Committee meetings a battle worth fighting
Serving as minority chairman of a committee can be a tough job. Simply being in the minority means it takes more work to get your side heard. But that job grows even more difficult when your majority counterpart is determined to force his ultraconservative agenda down your throat and won’t listen to counter arguments as the Republican Chairman Rep. Daryl Metcalfe has attempted to do time and time again.
I believe it is my job to defend the values of the loyal opposition and to voice them. It is no secret that Mr. Metcalfe and I are polar opposites in our political beliefs, but there is no reason why differences cannot be discussed in a rational manner. Instead the chairman regularly threatens me when I voice Democratic values. He does not want to hear any criticism of his extreme right-wing ideology. But I refuse to be stifled. The majority may be able to outvote me, but it cannot outshout me. It is both my job under Pennsylvania’s Constitution and my First Amendment right to speak for those I represent, and I will not be silenced.

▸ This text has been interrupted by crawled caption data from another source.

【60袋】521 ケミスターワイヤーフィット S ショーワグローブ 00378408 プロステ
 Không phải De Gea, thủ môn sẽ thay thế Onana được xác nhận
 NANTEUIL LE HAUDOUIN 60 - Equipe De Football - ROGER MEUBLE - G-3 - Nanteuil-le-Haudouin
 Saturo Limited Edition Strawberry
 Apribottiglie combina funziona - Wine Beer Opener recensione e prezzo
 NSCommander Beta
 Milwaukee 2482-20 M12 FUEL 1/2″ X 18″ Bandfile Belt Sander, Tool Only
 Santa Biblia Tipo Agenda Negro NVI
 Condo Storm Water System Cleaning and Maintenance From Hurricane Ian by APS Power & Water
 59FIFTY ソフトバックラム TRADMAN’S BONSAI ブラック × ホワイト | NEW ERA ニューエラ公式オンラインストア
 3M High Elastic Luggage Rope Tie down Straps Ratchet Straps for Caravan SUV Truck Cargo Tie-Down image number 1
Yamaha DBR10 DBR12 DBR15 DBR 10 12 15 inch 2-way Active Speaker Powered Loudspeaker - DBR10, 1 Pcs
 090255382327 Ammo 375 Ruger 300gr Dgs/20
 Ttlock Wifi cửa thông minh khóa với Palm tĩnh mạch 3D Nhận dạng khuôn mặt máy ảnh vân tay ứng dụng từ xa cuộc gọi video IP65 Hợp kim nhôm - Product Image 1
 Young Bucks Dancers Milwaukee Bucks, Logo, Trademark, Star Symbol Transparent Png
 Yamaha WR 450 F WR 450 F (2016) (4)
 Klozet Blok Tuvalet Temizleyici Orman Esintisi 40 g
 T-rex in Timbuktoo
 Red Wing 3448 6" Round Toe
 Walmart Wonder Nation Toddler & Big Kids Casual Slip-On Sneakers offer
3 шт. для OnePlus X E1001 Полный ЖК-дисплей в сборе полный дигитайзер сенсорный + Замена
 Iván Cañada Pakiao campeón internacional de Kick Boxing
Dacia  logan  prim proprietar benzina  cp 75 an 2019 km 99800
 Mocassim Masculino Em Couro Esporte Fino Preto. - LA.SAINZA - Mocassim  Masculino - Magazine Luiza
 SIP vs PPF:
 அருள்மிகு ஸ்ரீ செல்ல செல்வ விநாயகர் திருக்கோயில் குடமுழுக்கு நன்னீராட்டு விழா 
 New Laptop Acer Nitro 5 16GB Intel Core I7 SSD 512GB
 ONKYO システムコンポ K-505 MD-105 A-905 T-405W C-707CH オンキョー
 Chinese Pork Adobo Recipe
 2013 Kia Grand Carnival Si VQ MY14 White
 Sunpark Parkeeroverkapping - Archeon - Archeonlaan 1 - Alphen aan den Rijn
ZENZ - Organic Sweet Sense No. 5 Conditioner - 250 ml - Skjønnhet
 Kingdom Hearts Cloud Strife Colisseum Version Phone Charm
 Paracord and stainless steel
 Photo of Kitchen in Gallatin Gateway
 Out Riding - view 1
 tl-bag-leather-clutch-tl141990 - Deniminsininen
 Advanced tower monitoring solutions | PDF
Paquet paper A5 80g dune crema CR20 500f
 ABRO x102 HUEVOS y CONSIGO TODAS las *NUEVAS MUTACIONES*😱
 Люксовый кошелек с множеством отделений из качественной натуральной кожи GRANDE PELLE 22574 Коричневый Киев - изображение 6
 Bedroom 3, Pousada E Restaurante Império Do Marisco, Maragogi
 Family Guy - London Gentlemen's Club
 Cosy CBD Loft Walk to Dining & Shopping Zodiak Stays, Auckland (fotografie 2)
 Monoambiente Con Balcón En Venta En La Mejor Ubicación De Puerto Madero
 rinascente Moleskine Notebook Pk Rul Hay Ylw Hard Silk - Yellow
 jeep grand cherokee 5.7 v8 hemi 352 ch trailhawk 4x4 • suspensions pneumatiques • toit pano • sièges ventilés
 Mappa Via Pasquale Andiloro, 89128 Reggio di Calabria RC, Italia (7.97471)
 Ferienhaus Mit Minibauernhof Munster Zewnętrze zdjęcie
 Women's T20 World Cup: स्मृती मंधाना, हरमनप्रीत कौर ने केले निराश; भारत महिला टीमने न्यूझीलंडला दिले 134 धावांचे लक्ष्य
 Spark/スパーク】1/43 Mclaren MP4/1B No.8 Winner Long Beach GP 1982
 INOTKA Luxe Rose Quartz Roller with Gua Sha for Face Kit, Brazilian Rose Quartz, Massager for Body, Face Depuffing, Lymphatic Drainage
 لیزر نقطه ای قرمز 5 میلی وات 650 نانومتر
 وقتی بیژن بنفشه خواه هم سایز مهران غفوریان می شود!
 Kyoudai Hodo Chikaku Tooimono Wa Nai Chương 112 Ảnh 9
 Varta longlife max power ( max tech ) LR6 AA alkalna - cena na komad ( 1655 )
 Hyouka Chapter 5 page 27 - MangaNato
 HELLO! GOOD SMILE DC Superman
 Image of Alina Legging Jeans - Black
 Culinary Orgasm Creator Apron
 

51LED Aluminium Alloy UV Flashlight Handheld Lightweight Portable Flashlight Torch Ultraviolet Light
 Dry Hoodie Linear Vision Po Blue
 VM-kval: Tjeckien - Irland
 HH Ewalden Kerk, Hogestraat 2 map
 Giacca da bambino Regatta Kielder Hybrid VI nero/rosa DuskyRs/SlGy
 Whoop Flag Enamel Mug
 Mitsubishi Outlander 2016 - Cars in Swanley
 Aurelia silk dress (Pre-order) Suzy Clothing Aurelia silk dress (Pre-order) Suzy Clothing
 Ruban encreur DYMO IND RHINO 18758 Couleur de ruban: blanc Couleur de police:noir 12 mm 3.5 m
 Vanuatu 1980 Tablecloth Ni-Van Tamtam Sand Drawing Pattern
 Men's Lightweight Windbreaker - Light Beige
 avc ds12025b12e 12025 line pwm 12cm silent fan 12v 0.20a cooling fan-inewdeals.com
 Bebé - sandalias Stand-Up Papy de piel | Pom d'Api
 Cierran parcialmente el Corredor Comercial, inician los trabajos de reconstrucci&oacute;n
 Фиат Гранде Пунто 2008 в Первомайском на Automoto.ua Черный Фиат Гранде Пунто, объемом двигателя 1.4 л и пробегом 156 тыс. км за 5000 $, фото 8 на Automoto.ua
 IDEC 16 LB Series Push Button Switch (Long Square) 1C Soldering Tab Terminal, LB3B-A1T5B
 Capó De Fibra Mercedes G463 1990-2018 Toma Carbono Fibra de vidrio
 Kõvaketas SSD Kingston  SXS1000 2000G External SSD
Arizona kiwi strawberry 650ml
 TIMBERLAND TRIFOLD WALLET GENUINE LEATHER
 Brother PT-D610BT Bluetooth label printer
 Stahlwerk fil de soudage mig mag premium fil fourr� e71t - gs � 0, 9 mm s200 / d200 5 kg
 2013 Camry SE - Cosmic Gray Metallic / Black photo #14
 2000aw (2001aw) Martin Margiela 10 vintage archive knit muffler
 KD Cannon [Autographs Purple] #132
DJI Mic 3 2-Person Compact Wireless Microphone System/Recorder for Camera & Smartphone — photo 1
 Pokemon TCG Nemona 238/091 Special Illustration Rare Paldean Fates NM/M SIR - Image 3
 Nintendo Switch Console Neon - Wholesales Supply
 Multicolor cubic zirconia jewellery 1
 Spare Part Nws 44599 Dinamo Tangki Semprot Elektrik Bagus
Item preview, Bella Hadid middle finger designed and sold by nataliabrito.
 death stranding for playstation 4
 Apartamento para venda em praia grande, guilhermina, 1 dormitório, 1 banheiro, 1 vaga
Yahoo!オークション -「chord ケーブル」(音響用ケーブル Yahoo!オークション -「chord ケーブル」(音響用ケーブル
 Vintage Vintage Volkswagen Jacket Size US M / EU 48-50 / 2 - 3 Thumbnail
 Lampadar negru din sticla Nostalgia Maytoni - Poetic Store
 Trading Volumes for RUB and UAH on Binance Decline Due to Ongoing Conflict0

If I could choose, I would be discussing public policy in a calm and collegial atmosphere rather than engaging in shouting matches, but it was made worthwhile by an email from a young woman. She had been shadowing me as part of a trip with a nonprofit and witnessed my attempts to advance logical arguments at a committee meeting. She later wrote me that she had been thinking about what she had seen, and she was resolved to stick up more for herself when she knew she was in the right.